S2, E13: Tyler Glenn - Neon Trees
Tyler Glenn’s story sits at the intersection of alternative pop success, Mormon culture, and LGBTQ identity in Utah. He describes growing up Mormon while feeling like he never fully fit, and how music became both an escape and a mask. Records and music videos weren’t just entertainment, they were a place to try on a self that felt unsafe to show at church or at home. That tension is a common thread for many gay Mormon and ex-Mormon listeners: wanting faith, family, and belonging while also needing honesty. The conversation traces how shame can drive secrecy, but also how creative work can become a bridge from survival to self-acceptance.
The origin story of Neon Trees is grounded in very unglamorous reality: garage rehearsals, busking, early shows, and a local scene that mattered. Moving from Southern California to Provo looked counterintuitive for a music career, yet venues like Velour helped create a tight ecosystem where bands could play constantly, build a following, and learn fast. Tyler talks about writing on a mission with a simple recorder, then returning with urgency to start a band, taking any slot available, and treating tiny rooms like arenas. That mindset, plus regional touring through the Mountain West and the early internet era of MySpace and PureVolume, became the foundation for later breakthroughs.
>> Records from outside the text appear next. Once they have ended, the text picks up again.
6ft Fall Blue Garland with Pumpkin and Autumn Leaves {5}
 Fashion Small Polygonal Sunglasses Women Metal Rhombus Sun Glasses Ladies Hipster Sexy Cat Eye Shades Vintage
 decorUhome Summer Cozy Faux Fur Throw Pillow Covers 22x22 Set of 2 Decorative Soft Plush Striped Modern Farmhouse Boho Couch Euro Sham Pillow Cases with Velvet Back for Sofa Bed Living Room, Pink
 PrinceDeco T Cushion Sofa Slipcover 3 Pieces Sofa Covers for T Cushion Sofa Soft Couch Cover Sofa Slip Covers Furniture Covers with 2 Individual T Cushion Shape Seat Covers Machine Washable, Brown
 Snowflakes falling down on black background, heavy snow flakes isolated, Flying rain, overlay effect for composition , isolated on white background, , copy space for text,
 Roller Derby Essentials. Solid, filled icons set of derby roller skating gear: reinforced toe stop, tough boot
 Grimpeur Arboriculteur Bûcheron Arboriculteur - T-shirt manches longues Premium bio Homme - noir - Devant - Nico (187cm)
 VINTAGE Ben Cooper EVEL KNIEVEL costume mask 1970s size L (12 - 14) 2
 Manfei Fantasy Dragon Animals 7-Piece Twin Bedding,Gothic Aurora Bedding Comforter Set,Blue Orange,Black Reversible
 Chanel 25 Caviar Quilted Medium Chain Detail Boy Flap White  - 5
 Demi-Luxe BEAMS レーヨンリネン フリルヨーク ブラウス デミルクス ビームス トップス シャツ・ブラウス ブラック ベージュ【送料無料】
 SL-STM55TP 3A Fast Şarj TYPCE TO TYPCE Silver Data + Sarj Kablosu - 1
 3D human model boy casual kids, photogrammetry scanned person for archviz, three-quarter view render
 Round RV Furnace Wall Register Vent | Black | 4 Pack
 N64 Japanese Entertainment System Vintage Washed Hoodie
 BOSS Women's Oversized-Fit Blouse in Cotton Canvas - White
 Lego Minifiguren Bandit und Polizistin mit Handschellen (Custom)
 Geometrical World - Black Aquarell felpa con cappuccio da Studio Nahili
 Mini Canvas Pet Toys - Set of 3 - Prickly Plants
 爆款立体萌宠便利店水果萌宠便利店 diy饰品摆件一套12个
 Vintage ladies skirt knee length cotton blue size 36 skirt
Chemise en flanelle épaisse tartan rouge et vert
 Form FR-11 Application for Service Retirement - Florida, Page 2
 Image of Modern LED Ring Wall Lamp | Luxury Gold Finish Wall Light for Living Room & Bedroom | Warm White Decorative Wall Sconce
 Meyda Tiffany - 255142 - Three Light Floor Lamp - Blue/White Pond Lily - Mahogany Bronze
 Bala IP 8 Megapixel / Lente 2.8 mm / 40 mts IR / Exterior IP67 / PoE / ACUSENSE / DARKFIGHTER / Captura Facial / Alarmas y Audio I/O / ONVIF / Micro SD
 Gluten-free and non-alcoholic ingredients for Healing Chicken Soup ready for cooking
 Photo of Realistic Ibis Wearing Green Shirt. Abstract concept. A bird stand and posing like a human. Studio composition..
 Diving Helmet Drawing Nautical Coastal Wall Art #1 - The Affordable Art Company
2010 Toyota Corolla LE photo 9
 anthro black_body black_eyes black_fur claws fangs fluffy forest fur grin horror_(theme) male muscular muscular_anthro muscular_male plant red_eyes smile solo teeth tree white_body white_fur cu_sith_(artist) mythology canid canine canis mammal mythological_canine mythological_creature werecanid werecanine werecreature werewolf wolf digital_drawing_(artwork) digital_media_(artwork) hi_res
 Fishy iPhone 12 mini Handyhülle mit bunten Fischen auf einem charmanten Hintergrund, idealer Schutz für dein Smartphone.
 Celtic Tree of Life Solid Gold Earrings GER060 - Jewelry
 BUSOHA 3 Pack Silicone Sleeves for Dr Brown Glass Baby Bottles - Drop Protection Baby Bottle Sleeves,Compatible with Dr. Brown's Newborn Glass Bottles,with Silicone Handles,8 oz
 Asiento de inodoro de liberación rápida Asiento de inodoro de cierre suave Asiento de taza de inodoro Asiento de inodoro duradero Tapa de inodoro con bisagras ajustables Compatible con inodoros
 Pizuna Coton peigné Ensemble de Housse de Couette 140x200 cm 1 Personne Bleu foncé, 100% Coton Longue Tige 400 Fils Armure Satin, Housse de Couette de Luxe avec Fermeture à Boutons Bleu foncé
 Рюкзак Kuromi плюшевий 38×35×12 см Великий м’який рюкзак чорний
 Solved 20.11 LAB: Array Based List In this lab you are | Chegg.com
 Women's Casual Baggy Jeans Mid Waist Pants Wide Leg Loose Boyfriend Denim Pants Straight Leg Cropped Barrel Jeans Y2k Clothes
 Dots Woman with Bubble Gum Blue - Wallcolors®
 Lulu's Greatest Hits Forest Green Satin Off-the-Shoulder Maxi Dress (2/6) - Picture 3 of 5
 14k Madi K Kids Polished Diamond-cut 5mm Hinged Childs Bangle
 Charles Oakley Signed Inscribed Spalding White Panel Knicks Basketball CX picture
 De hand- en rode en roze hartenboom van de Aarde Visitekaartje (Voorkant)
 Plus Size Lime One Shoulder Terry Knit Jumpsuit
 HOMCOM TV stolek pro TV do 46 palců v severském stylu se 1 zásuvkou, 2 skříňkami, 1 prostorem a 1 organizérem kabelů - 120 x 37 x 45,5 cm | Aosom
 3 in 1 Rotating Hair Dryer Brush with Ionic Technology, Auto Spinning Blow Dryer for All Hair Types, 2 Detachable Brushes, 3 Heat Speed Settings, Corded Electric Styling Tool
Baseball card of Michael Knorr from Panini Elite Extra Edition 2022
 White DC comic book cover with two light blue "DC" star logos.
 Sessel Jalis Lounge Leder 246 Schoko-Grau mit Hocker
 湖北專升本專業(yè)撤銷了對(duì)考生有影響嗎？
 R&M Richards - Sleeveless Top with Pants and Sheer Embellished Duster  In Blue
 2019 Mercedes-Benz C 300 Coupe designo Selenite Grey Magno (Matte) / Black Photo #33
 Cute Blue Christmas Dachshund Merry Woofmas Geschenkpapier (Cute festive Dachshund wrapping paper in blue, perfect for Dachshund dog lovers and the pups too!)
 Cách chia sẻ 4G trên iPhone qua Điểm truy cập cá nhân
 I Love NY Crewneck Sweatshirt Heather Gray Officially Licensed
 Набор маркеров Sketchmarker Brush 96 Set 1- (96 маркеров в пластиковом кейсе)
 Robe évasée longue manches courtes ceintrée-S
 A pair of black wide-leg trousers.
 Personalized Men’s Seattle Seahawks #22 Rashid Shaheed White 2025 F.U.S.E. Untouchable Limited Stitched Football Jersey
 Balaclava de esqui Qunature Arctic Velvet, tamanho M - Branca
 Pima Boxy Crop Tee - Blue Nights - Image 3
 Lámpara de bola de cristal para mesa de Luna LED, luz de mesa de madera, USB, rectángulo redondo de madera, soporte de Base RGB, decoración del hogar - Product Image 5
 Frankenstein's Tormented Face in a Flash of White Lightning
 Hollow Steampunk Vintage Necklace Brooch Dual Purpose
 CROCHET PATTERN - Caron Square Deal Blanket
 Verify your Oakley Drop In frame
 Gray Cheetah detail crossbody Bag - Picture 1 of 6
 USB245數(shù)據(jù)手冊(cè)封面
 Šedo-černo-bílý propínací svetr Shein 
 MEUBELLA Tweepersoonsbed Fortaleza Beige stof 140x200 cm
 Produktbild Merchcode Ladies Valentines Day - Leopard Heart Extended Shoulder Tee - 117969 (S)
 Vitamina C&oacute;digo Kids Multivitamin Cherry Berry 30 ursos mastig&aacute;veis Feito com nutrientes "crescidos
When opportunity finally arrived, it looked like a chain of small breaks that only worked because the band was ready. Opening slots, industry mentors, and a key relationship with The Killers’ circle led to shows where major decision-makers paid attention. Tyler also digs into how songwriting actually works in a functioning band: lyrics and melody as a personal North Star, arrangement and production as a collaboration, and co-writing as craft rather than “selling out.” The episode pushes back on the myth of instant virality, emphasizing consistency, taking gigs, and shipping work. Even the stories about bigger tours underline a practical lesson: careers are built in years, not posts.
The most intense arc is the public evolution from “the Mormon band” to a frontman navigating a faith crisis and coming out. Tyler recounts being profiled for trying to be both gay and Mormon, then confronting policy changes that clarified how little room the institution had for him. He describes the emotional free-fall of deconstruction, the rabbit holes, and the relief that comes when shame dissolves. That relief fueled an art-forward solo project that spoke directly to religious trauma, even if it didn’t “win” in pop metrics. Out of that same experience came LoveLoud Festival with Dan Reynolds, built to offer real support for LGBTQ people shaped by faith, and now facing new funding and cultural headwinds as corporate DEI support fades.